Tapi saat ini sudah terdapat beberapa upaya kreatif yang dilakukan oleh masyarakat Indonesia untuk mengurangi penggunaan plastik seperti membungkus daging kurban saat Idul Adha dengan besek, mengganti sedotan plastik dengan sedotan bambu atau sedotan kertas, atau mengganti gelas plastik dengan gelas berbahan kertas. Penggantian alternatif ini sederhana dan mudah untuk dilakukan. Kesadaran masyarakat akan krusialnya masalah sampah plastik di Indonesia bisa menjadi maksimal dengan dukungan dari pemerintah melalui regulasi yang mendukung keselamatan lingkungan.

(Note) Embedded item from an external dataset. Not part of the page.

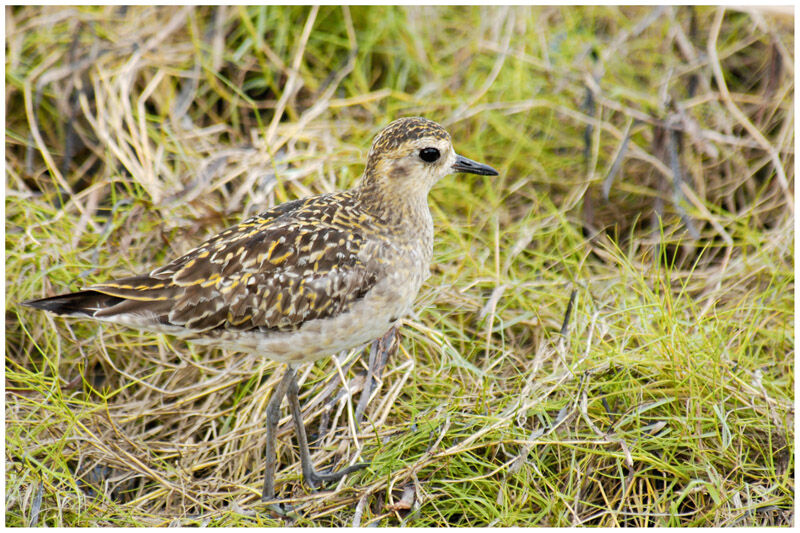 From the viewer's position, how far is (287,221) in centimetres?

Di Indonesia sudah terdapat beberapa Peraturan Daerah untuk menangani sampah plastik. Di Jakarta terdapat Pergub Nomor 142 tahun 2019, di Bali terdapat Pergub Nomor 97 tahun 2018, dan di Semarang terdapat Perwal Nomor 27 Nomor 2019. Peraturan tersebut mewajibkan masyarakat dan para pelaku usaha untuk menggunakan alternatif pengganti tas plastik menggunakan tas belanja yang ramah lingkungan. Hal ini perlu disambut baik sebagai upaya pengurangan jumlah sampah plastik di Indonesia.

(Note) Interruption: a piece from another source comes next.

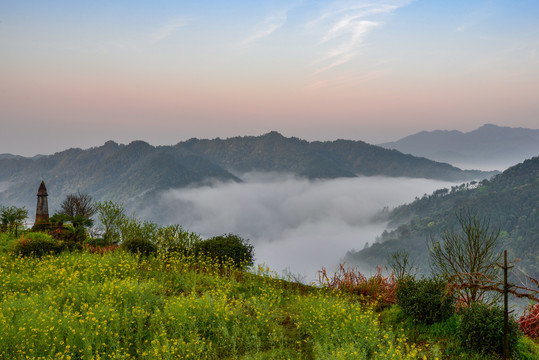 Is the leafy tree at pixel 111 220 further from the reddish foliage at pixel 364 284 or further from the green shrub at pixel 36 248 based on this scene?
the reddish foliage at pixel 364 284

Namun banyak orang yang akhirnya kebingungan karena tidak ada lagi tas plastik bekas belanja yang bisa digunakan untuk wadah di tempat sampah. Solusi apa yang kira-kira bisa dilakukan untuk hal ini? Kami menghubungi Jeanny Primasari, founder Zero Waste Nusantara untuk memberikan pendapatnya mengenai hal tersebut. “Setelah memilah dan mengolah (sampah) sebisanya di rumah, volume residu yang harus dioper ke TPA jadi tinggal dikit banget. Jadi plastik-plastik kecil 3 hari juga ga tentu penuh. Semua terhubung (dengan) cegah, pilah, olah. Kalau cuma mau cari alternatif kresek tapi ga mau mengusahakan 3AH (cegah, pilah, olah) tadi, ga akan workout properly”, kata Jeanny saat dihubungi via Whatsapp.

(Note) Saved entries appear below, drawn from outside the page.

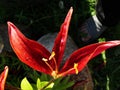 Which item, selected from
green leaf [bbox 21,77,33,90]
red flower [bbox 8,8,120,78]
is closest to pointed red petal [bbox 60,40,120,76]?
red flower [bbox 8,8,120,78]

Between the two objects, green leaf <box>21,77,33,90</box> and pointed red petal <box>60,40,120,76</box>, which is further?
green leaf <box>21,77,33,90</box>

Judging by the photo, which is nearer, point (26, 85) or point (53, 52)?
Result: point (53, 52)

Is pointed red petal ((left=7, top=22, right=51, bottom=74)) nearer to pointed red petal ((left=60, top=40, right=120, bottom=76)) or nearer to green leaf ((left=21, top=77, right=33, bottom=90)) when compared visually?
pointed red petal ((left=60, top=40, right=120, bottom=76))

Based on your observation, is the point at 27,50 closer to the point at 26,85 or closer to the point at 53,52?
the point at 53,52

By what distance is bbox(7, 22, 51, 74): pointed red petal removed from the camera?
101cm

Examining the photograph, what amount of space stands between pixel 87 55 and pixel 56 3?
47.8 inches

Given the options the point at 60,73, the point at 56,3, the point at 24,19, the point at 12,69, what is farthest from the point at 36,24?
the point at 60,73

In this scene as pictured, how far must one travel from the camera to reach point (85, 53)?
104cm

Selain itu, Jeanny juga memberikan beberapa tips dan langkah agar kita bisa mengurangi sampah plastik di rumah sekaligus melakukan praktek gaya hidup ramah lingkungan.
Mengurangi pemakaian produk-produk disposable (botol AMDK, tisu, bungkus packaging makanan take away, dan lain-lain). Volume sampah di rumah pasti akan berkurang banyak dan kebutuhan kresek sampah juga berkurang.
Memilah sampah. Lakukan pilah sampah minimal menjadi 2 kategori yaitu, organik dan anorganik. Sampah anorganik (biasanya kering) tidak perlu dibungkus kresek, maka kebutuhan kresek sampah makin sedikit lagi.
Pengomposan. Untuk mencapai nol kresek pun bisa terwujud dengan mengolah sampah organik menjadi kompos.

Sumber : unsplash.com
Inilah ketiga langkah yang bisa kita lakukan untuk mengurangi sampah plastik dan menjawab kebingungan kita mengenai pemakaian kresek sampah. Hidup ramah lingkungan bisa jadi praktis dan bermanfaat untuk kehidupan kita serta lingkungan sekitar.